We considered the possibility that respiratory modulation during ketamine-xylazine anesthesia may be an artefact arising from respiration-associated muscle activity or electrode displacement. To address this caveat, we performed unilateral lesions of the olfactory bulb during recordings of the hippocampal formation (Supplementary Fig. S5).
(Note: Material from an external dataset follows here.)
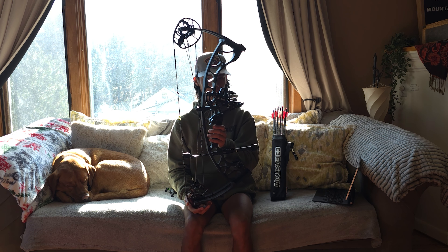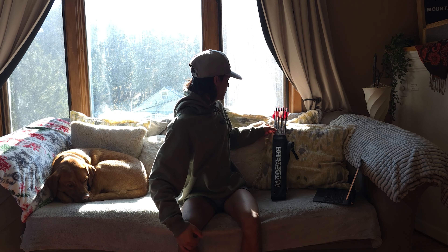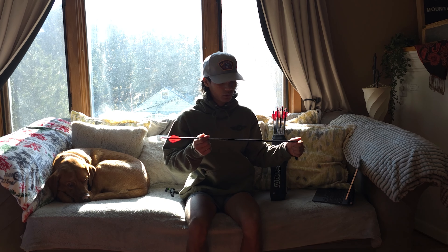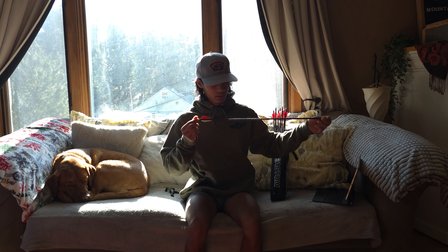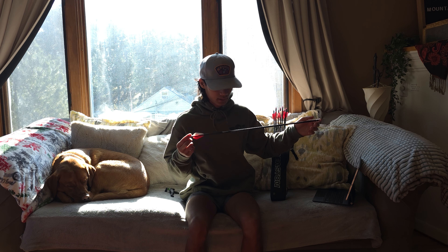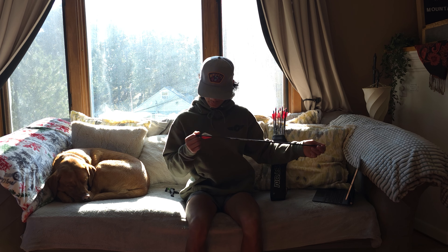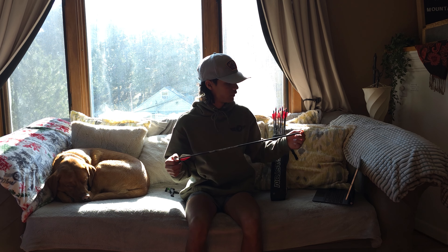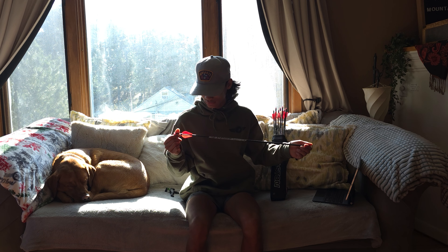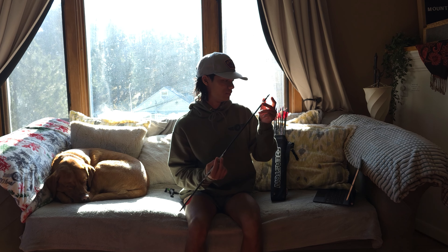The next thing I have are these Shields Vendetta arrows, made by Victory — they're the same exact arrow as a Victory VAP. Standard Victory MAP, carbon fiber, 400 spine, 8.2 grains per inch GPI, 2.45 interior and 2.95 exterior diameter. I have them cut down to 25 and a half inches with a 100-grain field point.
Olfactory bulbectomies produced a significant reduction in the respiratory potential observed in hippocampal LFP during anesthesia, quantified by cross-correlation of the respiratory signal and the hippocampal LFP. The data reiterates findings from other studies21,22 which showed that respiratory potentials in the brain are abolished by olfactory bulbectomy. In addition, the emergence of respiratory potentials in the hippocampus and the cortex was strongly dependent on the level of anesthesia, arising during deep anesthesia and diminishing in light anesthesia, suggesting a physiological mechanism independent of electrode stability. Similarly, there was a marked attenuation of respiratory potentials in cat NREM sleep despite the stable breathing rate and maintained muscle tone. Lastly, the phase of respiration determined the firing rate and the input resistance of Reu which suggests a synaptic drive associated with respiration. We conclude that Reu neurons receive an excitatory synaptic drive coupled with respiration which contribute to the control of respiration-related gamma activity in the mPFC.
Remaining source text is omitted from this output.